Maybe if Ray were to acknowledge and value Dave’s contribution, and the fact that it was instrumental to the development of much of their material, like most of the rest of us do, things might run a bit more smoothly.
Dave for his part makes Ray sound like the devil incarnate. True, I haven’t met him so can’t really know what he’s like, and especially to his intimates. Some of my close family members seem okay to outsiders when it wouldn’t surprise me one bit if I were to find out they’d been serial killers since before I was born. Let’s just say, if they dug up bodies in my Dad’s back garden, none of his kids would blink an eye. Yet everyone who meets him seems to consider him agreeable.

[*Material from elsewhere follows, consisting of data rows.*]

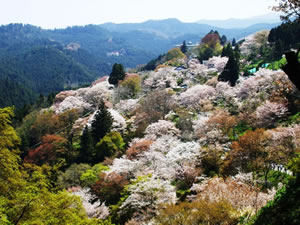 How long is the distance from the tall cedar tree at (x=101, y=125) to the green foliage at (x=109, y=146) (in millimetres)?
3514

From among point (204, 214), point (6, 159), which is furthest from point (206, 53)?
point (6, 159)

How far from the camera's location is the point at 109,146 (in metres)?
38.0

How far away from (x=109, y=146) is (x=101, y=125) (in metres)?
5.60

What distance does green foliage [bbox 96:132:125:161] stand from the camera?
38.0 m

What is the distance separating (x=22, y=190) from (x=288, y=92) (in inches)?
1175

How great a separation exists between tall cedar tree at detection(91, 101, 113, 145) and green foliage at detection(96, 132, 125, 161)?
3.51m

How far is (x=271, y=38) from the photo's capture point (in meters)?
62.9

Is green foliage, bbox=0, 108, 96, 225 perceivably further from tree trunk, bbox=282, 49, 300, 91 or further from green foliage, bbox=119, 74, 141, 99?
green foliage, bbox=119, 74, 141, 99

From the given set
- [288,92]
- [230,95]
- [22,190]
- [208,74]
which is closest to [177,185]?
[22,190]

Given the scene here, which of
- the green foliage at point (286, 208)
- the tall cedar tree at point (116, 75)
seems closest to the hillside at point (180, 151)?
the green foliage at point (286, 208)

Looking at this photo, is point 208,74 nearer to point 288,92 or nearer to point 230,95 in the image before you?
point 230,95

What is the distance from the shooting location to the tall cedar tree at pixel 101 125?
139 feet

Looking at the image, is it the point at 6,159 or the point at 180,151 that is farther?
the point at 180,151

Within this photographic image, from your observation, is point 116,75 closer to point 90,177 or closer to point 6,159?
point 90,177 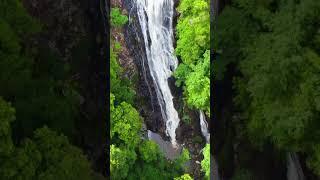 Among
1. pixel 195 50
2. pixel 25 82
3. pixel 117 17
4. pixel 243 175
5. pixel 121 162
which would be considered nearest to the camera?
pixel 25 82

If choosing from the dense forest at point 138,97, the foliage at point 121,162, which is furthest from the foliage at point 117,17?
the foliage at point 121,162

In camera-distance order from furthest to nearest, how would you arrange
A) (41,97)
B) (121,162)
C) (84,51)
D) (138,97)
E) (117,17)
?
(138,97) → (117,17) → (121,162) → (84,51) → (41,97)

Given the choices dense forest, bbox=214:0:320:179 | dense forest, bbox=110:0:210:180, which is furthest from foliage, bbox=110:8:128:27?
dense forest, bbox=214:0:320:179

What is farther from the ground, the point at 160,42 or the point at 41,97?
the point at 160,42

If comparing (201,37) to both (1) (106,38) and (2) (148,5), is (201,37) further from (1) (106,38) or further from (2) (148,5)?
(1) (106,38)

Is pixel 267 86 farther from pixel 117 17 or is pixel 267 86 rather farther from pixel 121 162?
pixel 117 17

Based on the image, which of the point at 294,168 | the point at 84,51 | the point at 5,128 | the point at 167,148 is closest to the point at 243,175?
the point at 294,168

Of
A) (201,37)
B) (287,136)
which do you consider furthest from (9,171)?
(201,37) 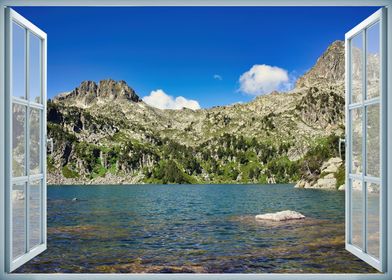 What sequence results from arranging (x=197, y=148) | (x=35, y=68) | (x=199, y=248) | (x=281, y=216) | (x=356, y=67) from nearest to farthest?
(x=35, y=68)
(x=356, y=67)
(x=199, y=248)
(x=281, y=216)
(x=197, y=148)

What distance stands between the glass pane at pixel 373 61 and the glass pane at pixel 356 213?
1.16 meters

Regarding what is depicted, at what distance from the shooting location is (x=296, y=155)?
158375 mm

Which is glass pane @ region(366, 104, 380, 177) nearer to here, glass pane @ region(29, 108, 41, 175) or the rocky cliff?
glass pane @ region(29, 108, 41, 175)

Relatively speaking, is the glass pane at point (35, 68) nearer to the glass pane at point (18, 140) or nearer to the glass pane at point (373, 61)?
the glass pane at point (18, 140)

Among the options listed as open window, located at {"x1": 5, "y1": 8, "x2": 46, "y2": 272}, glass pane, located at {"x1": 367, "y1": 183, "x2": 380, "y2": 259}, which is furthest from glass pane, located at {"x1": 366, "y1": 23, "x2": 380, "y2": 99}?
open window, located at {"x1": 5, "y1": 8, "x2": 46, "y2": 272}

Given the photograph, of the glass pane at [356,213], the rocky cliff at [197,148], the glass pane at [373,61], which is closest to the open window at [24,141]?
the glass pane at [356,213]

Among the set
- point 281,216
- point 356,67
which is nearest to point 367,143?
point 356,67

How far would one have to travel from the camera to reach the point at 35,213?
5.55 metres

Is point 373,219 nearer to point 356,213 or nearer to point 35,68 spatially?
point 356,213

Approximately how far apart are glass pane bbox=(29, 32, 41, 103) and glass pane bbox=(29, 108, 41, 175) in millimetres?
204

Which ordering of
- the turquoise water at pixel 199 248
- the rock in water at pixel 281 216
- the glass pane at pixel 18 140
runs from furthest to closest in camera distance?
the rock in water at pixel 281 216 → the turquoise water at pixel 199 248 → the glass pane at pixel 18 140

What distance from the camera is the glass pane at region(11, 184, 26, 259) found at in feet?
16.5

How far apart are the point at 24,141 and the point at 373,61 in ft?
14.0

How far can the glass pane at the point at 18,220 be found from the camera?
504 centimetres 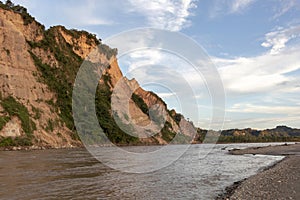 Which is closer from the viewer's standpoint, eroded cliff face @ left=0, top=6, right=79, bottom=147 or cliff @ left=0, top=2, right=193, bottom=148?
cliff @ left=0, top=2, right=193, bottom=148

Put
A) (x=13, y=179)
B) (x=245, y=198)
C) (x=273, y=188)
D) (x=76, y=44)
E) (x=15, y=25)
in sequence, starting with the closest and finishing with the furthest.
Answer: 1. (x=245, y=198)
2. (x=273, y=188)
3. (x=13, y=179)
4. (x=15, y=25)
5. (x=76, y=44)

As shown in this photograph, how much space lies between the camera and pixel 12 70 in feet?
213

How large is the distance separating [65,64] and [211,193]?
8618 centimetres

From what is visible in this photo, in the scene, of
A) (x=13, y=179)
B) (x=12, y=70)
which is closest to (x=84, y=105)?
(x=12, y=70)

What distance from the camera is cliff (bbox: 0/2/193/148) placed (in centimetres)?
5938

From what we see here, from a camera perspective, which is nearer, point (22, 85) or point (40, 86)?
point (22, 85)

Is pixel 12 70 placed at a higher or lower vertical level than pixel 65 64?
lower

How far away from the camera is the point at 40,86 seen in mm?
72750

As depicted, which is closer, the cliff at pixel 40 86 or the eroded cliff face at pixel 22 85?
the cliff at pixel 40 86

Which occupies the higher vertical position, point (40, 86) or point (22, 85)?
point (40, 86)

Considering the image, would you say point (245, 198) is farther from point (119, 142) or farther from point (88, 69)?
point (88, 69)

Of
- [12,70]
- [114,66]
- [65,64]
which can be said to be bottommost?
[12,70]

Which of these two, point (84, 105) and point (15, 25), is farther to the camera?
point (84, 105)

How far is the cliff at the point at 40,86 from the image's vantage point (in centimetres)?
5938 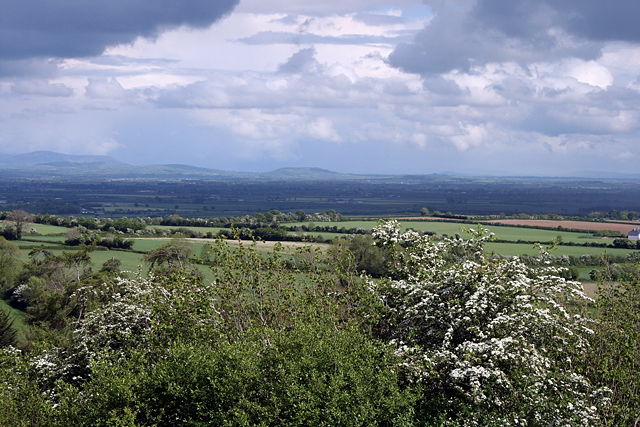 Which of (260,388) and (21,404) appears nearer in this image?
(260,388)

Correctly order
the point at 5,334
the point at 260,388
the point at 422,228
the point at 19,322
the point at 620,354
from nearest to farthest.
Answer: the point at 260,388
the point at 620,354
the point at 5,334
the point at 19,322
the point at 422,228

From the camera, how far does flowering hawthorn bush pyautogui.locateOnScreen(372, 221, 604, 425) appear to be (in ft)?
61.9

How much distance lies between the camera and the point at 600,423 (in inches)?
733

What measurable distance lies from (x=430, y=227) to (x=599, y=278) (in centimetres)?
8050

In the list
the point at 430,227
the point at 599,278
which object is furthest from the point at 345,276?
the point at 430,227

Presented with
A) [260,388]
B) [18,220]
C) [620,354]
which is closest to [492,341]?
[620,354]

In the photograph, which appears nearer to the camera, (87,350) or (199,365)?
(199,365)

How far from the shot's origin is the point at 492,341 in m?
19.7

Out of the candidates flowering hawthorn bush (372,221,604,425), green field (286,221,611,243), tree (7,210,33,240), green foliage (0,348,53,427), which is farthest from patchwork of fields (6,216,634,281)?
green foliage (0,348,53,427)

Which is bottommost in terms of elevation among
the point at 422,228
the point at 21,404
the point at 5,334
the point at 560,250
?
the point at 5,334

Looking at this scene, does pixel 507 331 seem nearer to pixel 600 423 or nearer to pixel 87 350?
pixel 600 423

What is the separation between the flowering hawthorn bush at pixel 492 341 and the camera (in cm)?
1886

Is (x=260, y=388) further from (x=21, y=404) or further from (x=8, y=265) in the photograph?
(x=8, y=265)

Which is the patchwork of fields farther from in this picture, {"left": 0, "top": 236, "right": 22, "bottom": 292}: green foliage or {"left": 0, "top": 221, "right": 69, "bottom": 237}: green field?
{"left": 0, "top": 236, "right": 22, "bottom": 292}: green foliage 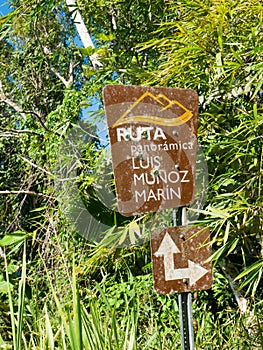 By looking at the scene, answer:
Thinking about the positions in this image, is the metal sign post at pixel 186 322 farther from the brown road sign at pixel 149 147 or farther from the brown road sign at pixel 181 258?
the brown road sign at pixel 149 147

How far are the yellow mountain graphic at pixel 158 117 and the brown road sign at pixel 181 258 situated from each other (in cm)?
30

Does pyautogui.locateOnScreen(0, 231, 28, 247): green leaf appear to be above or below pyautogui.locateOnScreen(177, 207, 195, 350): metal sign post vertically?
below

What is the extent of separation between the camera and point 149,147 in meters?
1.46

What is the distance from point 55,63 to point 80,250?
10.1 feet

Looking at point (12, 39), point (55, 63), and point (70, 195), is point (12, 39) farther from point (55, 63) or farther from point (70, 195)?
point (70, 195)

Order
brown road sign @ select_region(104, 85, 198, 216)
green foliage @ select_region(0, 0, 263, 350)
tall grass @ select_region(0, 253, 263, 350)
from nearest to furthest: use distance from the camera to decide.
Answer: brown road sign @ select_region(104, 85, 198, 216) → green foliage @ select_region(0, 0, 263, 350) → tall grass @ select_region(0, 253, 263, 350)

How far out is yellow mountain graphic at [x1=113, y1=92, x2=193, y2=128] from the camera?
4.83 feet

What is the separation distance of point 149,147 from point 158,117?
3.9 inches

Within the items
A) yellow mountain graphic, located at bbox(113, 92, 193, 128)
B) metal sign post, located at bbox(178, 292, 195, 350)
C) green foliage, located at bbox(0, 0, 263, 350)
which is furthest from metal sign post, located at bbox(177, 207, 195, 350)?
yellow mountain graphic, located at bbox(113, 92, 193, 128)

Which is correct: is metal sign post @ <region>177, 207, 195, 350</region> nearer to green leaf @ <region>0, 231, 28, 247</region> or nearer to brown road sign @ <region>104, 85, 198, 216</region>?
brown road sign @ <region>104, 85, 198, 216</region>

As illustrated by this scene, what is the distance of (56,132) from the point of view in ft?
11.2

I know other fans have met Ray and found him completely charming, humble and appreciative. Well, I can’t imagine anyone saying quite that about my Dad but they might say, ‘Oh, he seemed like a nice chap, very quiet, kept himself to himself’, etc., in fact the usual stuff people say about sadistic habitual murderers who’ve been living unknown in their midst. Not that I think Ray’s committed any murders, I hasten to add. I’m just not so sure about my Dad.
Even observing the Kinks through the medium of YouTube, you can vaguely see how things developed and deteriorated though the volatility of the fraternal relationship is not always immediately apparent.
Dave seemed to sing nearly as many songs as Ray in the early days, more gregarious and suited to attention than his sweetly diffident brother. But his efforts even then tended to be relegated to B-sides. In a previous blog I highlighted his performance in ‘Milk Cow Blues’, flipside to ‘A Well-respected Man’, in France in 1965 (check it out at http://www.youtube.com/watch?v=xMJireGRMn8). Gorgeous and supremely confident, his smile irrepressible, he looks and sounds every inch the frontman.
But, even by the time of a 1966 TV appearance for ‘I Gotta Move’,
Ray is really growing into his sex appeal. He delivers his lines in a vaguely sarcastic sneer, scowling in a dangerously dispassionate and rather contemptuous manner, a study in sexy disdain. His beautiful dark eyes seem to reveal something deeply sad in his soul.
In a German TV rendition of ‘Mr Pleasant’ from 1967, who can fail to be dazzled by Dave’s incandescent adolescent beauty? Though he’s evidently more distracted by his own appearance than particularly involved in the song. Still, how easily the scene-stealer carries off a daft hat and absurd facial hair. And how bewitching is the blend of the sad, sweet melody (and angelic backing vocals) and the satirical, observational lyrical content.
Did Dave lose his most reliable ally when bassist Pete Quaife left the band? Did and does drummer Mick Avory side with Ray?
So the scene is definitively set … and I’ll continue to look at how the relationship develops in the next blog.
PS Some online news sources seem to have reported on the longed-for Kinks reunion at this month’s Grammy gala. This one (http://www.reuters.com/article/2012/02/12/us-usa-whitneyhouston-clivedavis-idUSTRE81B09520120212) says
The Kinks came together to sing a collection of their hits including “Waterloo Sunset” with Jackson Browne and “The Days” with Elvis Costello, before livening up the party with their famous 1964 single “You Really Got Me.”
but I’m fairly certain this was probably Ray with a different band. If only it had really happened and someone had filmed it.